Ia melanjutkan tanggapannya
sembari tetap fokus mengemudi. "Jika belum, ada baiknya kamu menentukan
titik perhentian lalu melihat kembali apa saja yang sudah terjadi, memahami
mengapa hal itu terjadi, lalu memaknainya sebagai hasil dari pembelajaran
hidupmu. Lalu, lanjutkan lagi perjalananmu. Begitu terus berulang-ulang."
Mendengar ucapan itu, kali ini
aku hanya mengangguk-anggukan kepala memberi isyarat paham.
Aku mengira cuma sampai di situ,
ternyata ia masih melanjutkan celotehnya. "Kebanyakan teman-teman juga
begitu. Mereka hanya melihat, mendengar, merasakan, dan melakukan perjalanan
hidupnya begitu saja. Itu bagus, tapi sayangnya mereka juga lupa untuk memahami
dan memaknai hidupnya, sehingga yang terjadi sering kali mereka mengeluhkan
tentang kegagalan, kekecewaan, rendah diri, dan segala macam perasaan negatif
lainnya. Coba saja mereka mau berhenti sejenak dan merenungkan hidupnya, mau
memahami maksud Tuhan dan memaknainya, pasti yang ada adalah rasa syukur dan
mereka mendapat hasil yang bermakna." Pungkasnya sebelum kami berdua tiba
di lokasi.
Dalam imajinasiku. Sebelum
pembaca merasa bosan, lebih baik aku segera menghentikan cerita tak berujung
ini.
Dengan berbekal tulisan ini,
sejujurnya aku hendak mengirimkan sebuah pesan untuk si Frater. Aku tak acuh
pesan ini kelak akan sampai padanya atau tidak.

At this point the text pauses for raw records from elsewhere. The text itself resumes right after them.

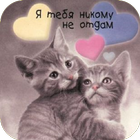 Открытки про любовь ícone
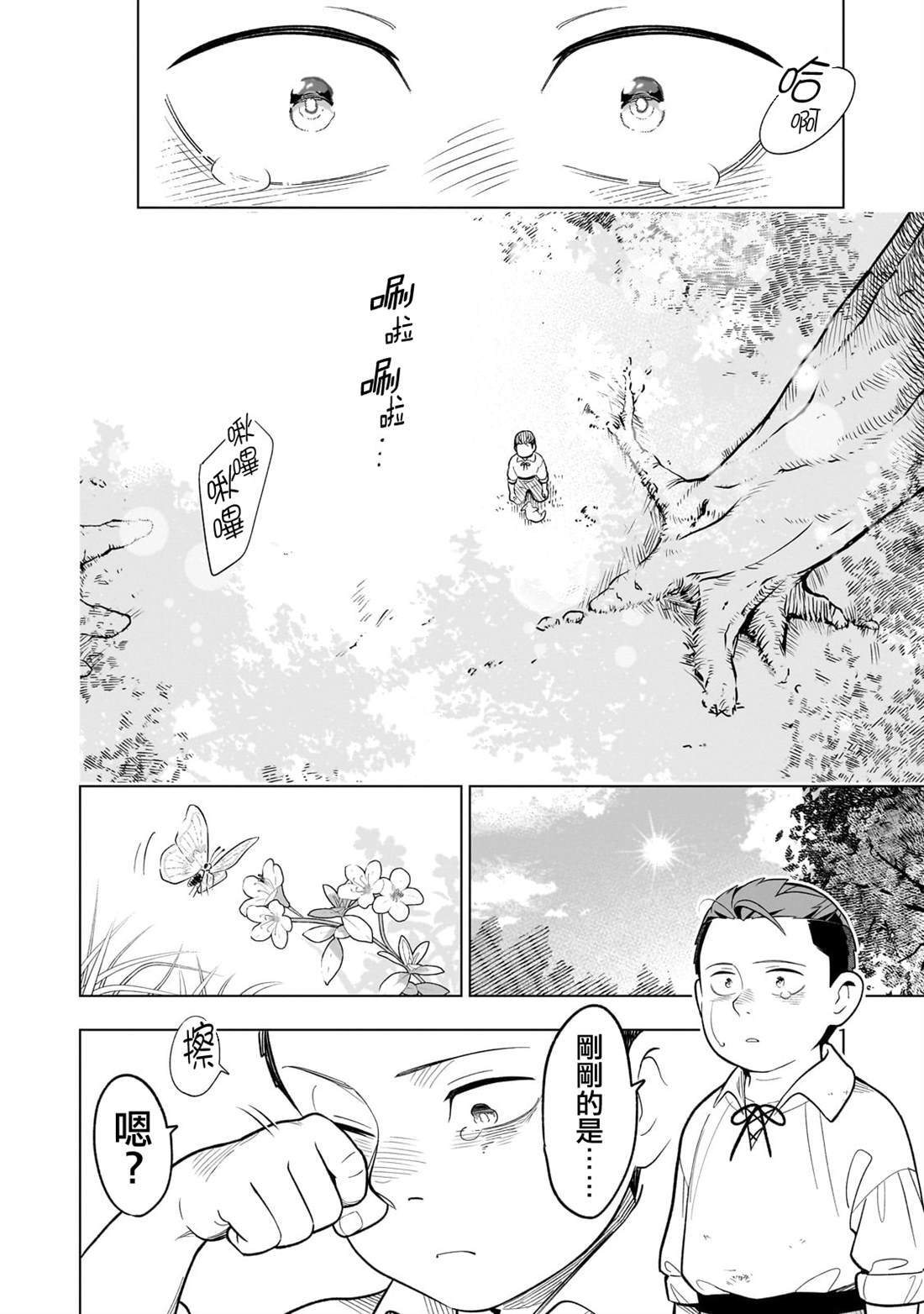 16 第24页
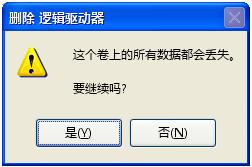 mac怎么卸载nginx mac怎么卸载双系统_mac怎么卸载nginx_02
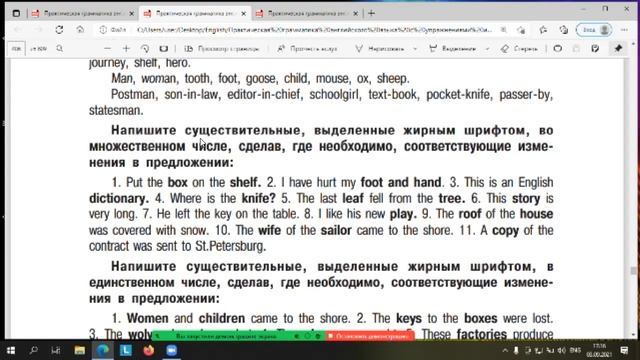 Практическая грамматика. Урок 2. часть 2 смотреть онлайн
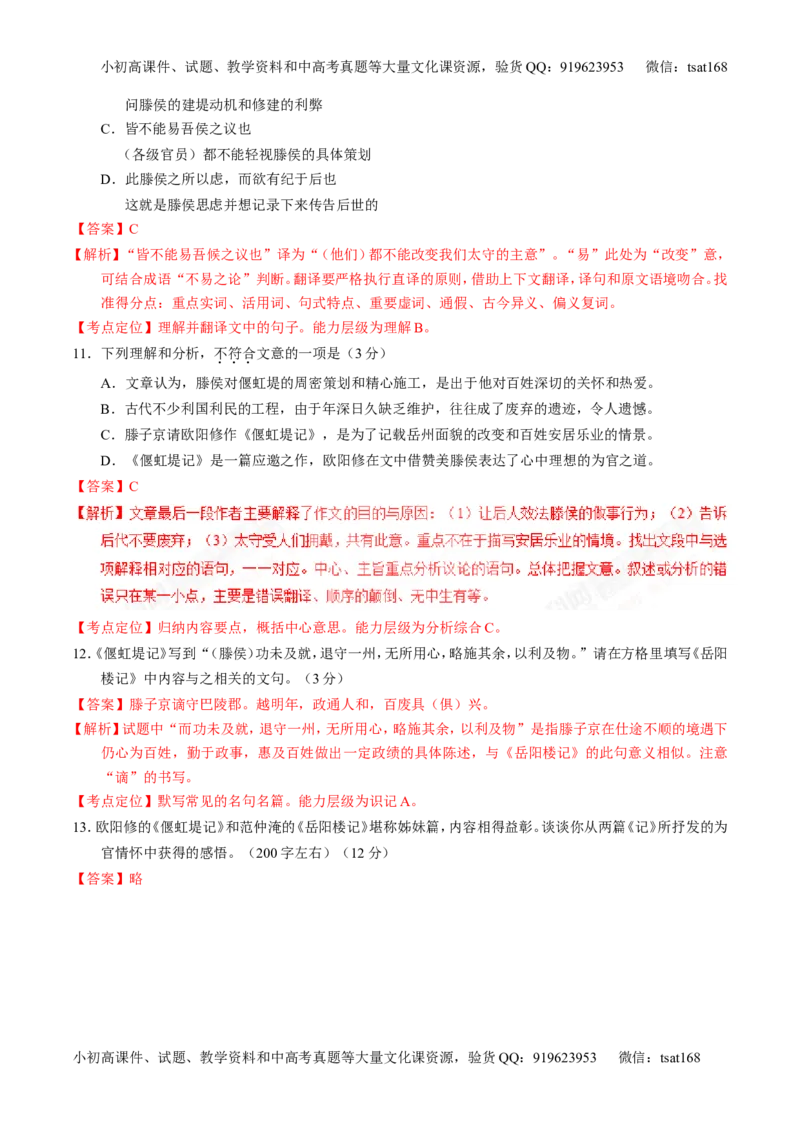 专题13文言文阅读-3年高考2年模拟1年原创备战2017高考精品系列之语文（解析版）_高语_1高中语文_2017年高考语文3年高考2年模拟1年原创（全套打包36份）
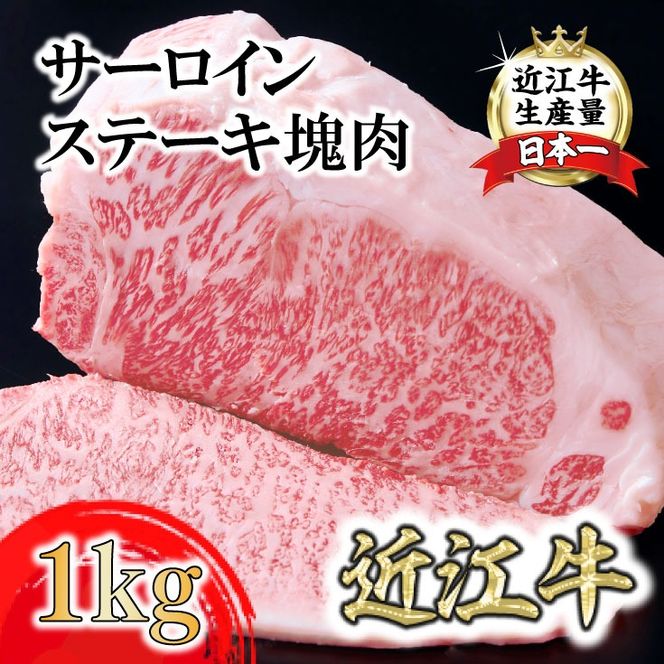 A4A5等級未経産雌牛　近江牛サーロインステーキ　塊肉1kg折箱入【FO37SM】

Aku hanya ingin menyampaikan
beribu-ribu terima kasih padanya. Karena petuahnya cukup sakti hingga mampu
membuat diriku diingatkan untuk tetap berefleksi. Berefleksi untuk berhenti sejenak
memberi makna dalam setiap proses perjalanan hidup di dunia ini.
Jika kami berdua bisa berkendara
bersama lagi di lain kesempatan, biarkan aku yang berada di posisi sebagai
pengemudi kuda besi yang hendak kami tunggangi. Karena akan aku ceritakan padanya,
hasil refleksi dari petuah saktinya di masa lampau.